● **The task**
Set down the whole listing below exactly. The pictures stay out.

● **Stored data**
######

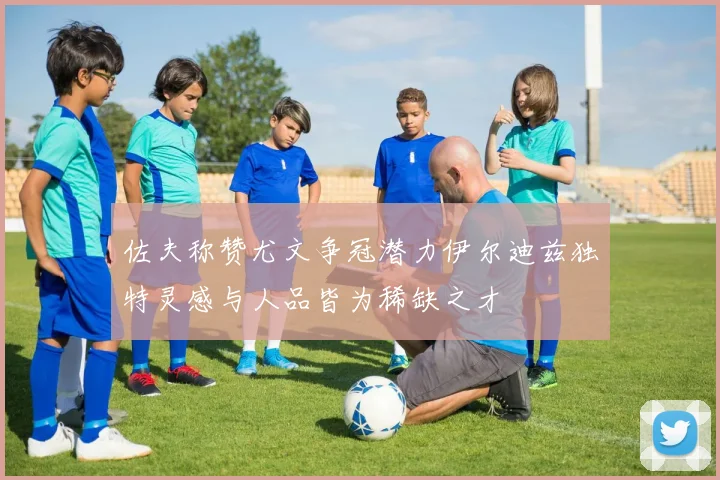 佐夫称赞尤文争冠潜力伊尔迪兹独特灵感与人品皆为稀缺之才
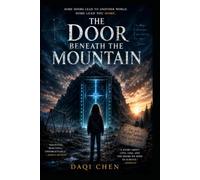 The Door Beneath the Mountain: YA Science Fiction Mystery
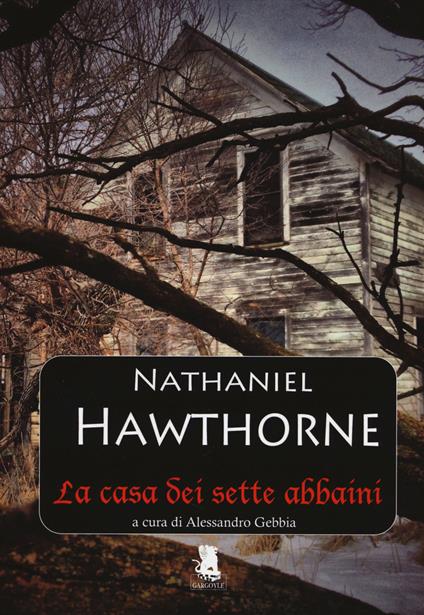 La casa dei sette abbaini - Nathaniel Hawthorne - copertina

######

● **Response**
 佐夫称赞尤文争冠潜力伊尔迪兹独特灵感与人品皆为稀缺之才
 The Door Beneath the Mountain: YA Science Fiction Mystery
 La casa dei sette abbaini - Nathaniel Hawthorne - copertina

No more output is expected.